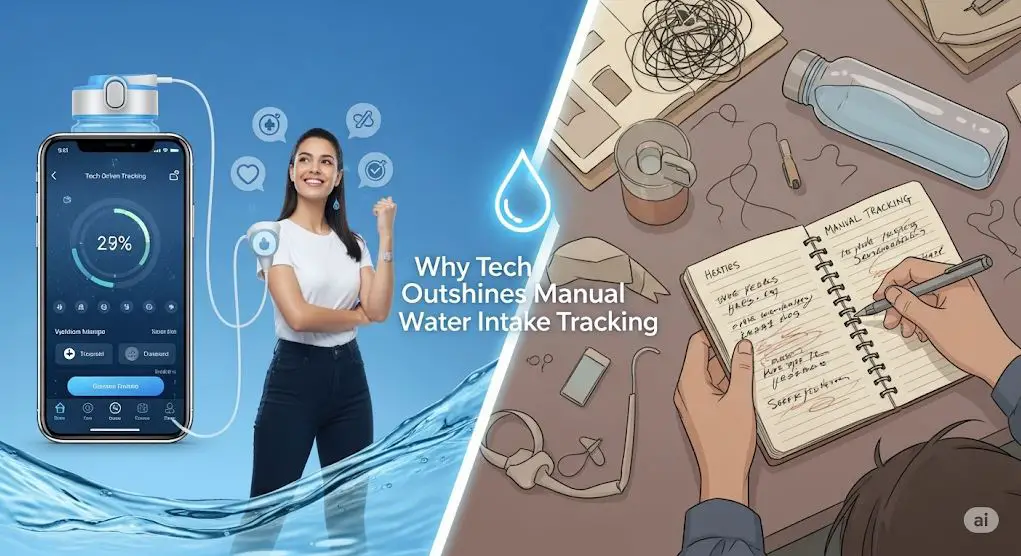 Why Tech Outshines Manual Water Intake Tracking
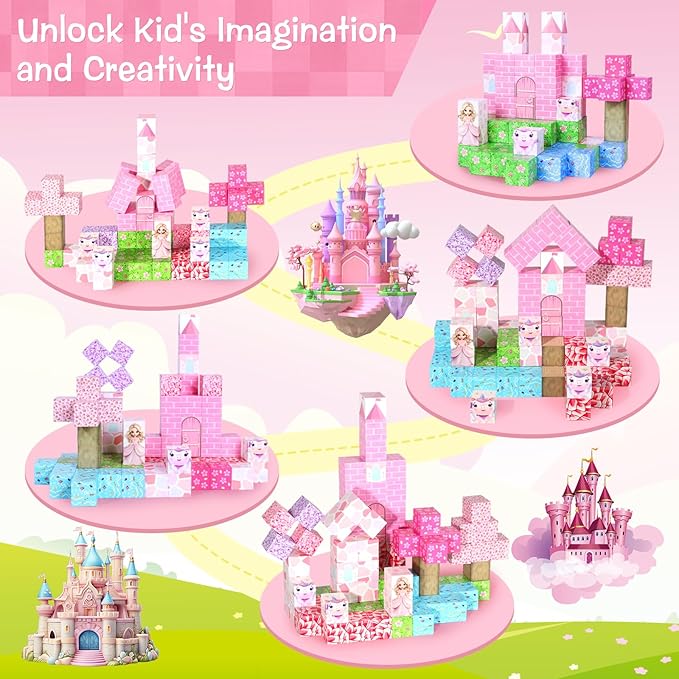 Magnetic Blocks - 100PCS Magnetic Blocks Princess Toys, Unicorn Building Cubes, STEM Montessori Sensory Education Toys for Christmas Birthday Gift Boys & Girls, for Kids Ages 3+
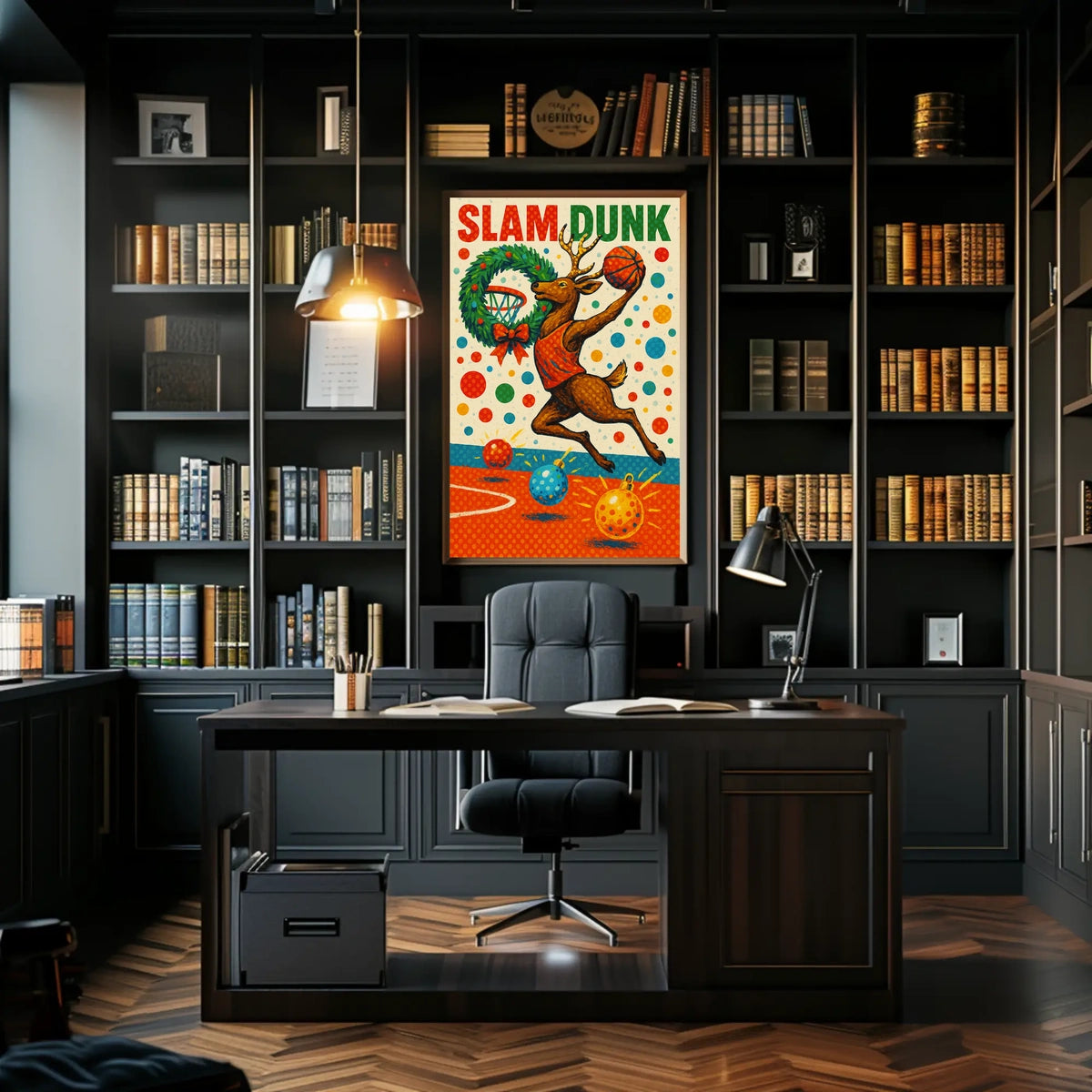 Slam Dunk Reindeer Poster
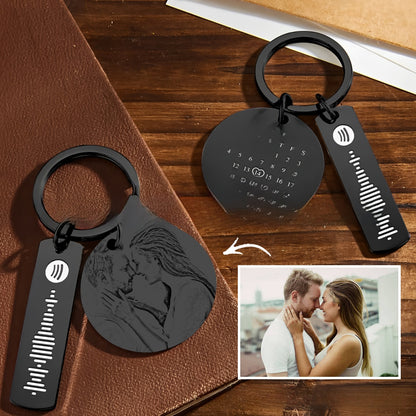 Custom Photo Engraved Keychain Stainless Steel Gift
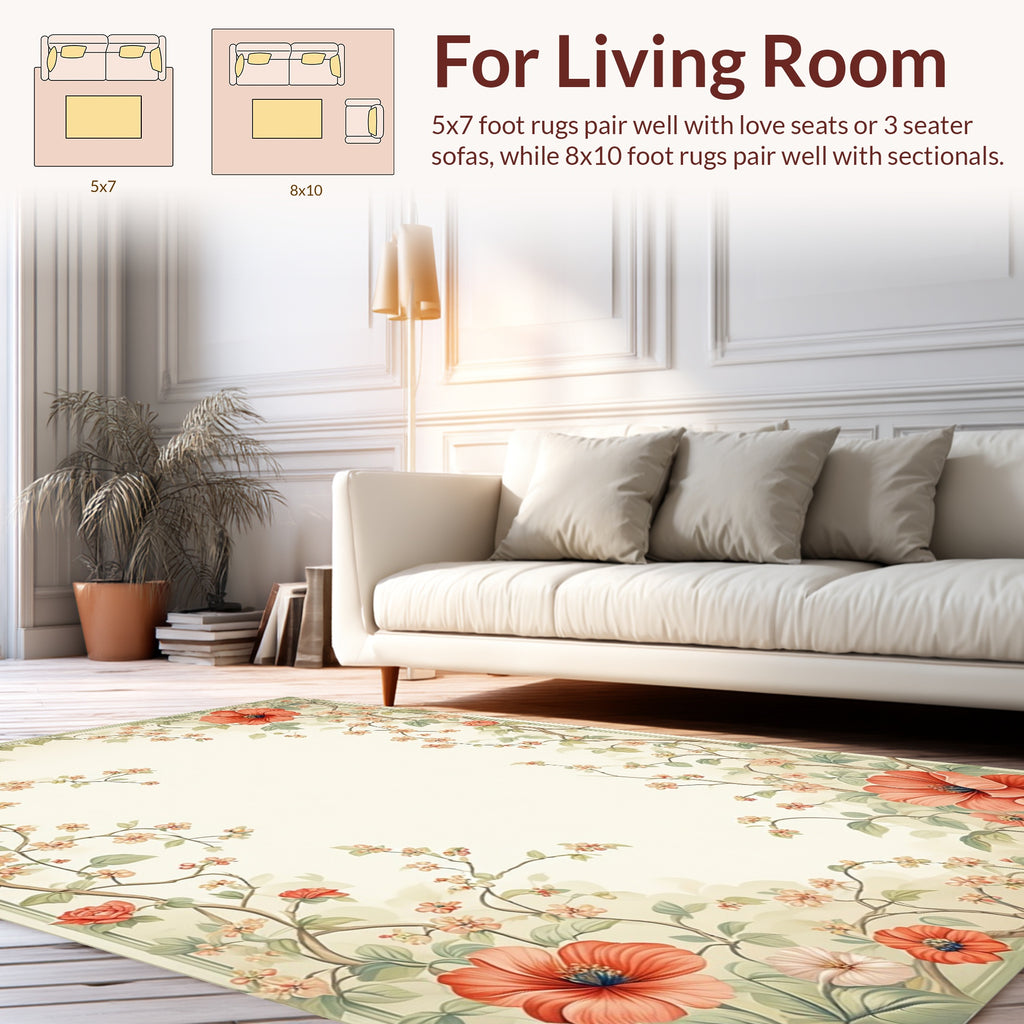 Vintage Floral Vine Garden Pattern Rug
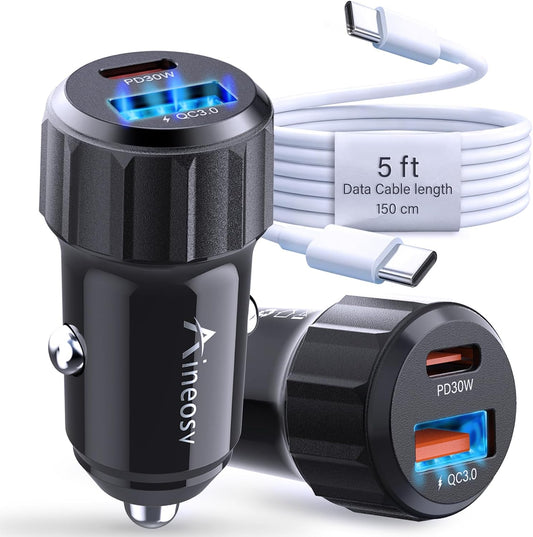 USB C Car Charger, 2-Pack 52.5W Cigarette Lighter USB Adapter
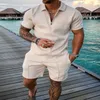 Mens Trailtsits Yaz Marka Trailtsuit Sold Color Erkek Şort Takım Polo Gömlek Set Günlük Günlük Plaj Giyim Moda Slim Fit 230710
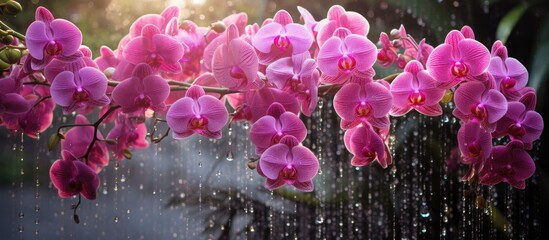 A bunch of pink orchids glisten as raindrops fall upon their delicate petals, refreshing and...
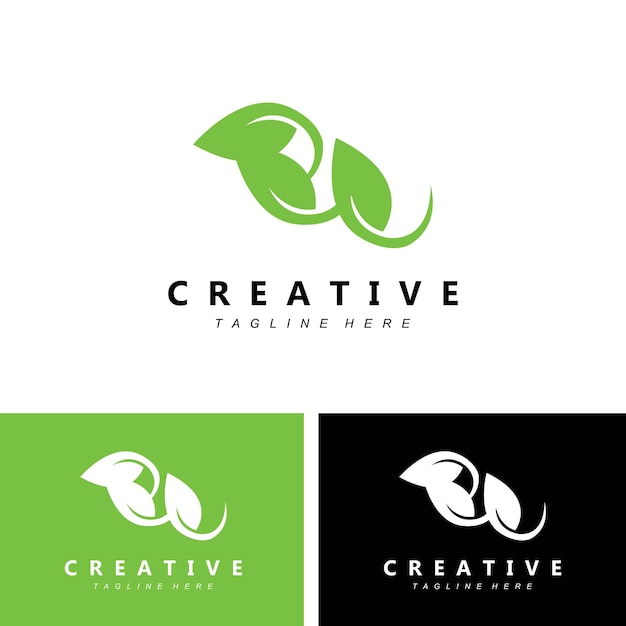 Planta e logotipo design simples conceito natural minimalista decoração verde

# # #

• _YOUR INSTRUCTIONS_: All of the entries above should be copied exactly, except for the pictures.

• _SOLUTION TO THE PROBLEM_:
 Why Tech Outshines Manual Water Intake Tracking
 Magnetic Blocks - 100PCS Magnetic Blocks Princess Toys, Unicorn Building Cubes, STEM Montessori Sensory Education Toys for Christmas Birthday Gift Boys & Girls, for Kids Ages 3+
 Slam Dunk Reindeer Poster
 Custom Photo Engraved Keychain Stainless Steel Gift
 Vintage Floral Vine Garden Pattern Rug
 USB C Car Charger, 2-Pack 52.5W Cigarette Lighter USB Adapter
 Mens Trailtsits Yaz Marka Trailtsuit Sold Color Erkek Şort Takım Polo Gömlek Set Günlük Günlük Plaj Giyim Moda Slim Fit 230710
 A bunch of pink orchids glisten as raindrops fall upon their delicate petals, refreshing and...
 Planta e logotipo design simples conceito natural minimalista decoração verde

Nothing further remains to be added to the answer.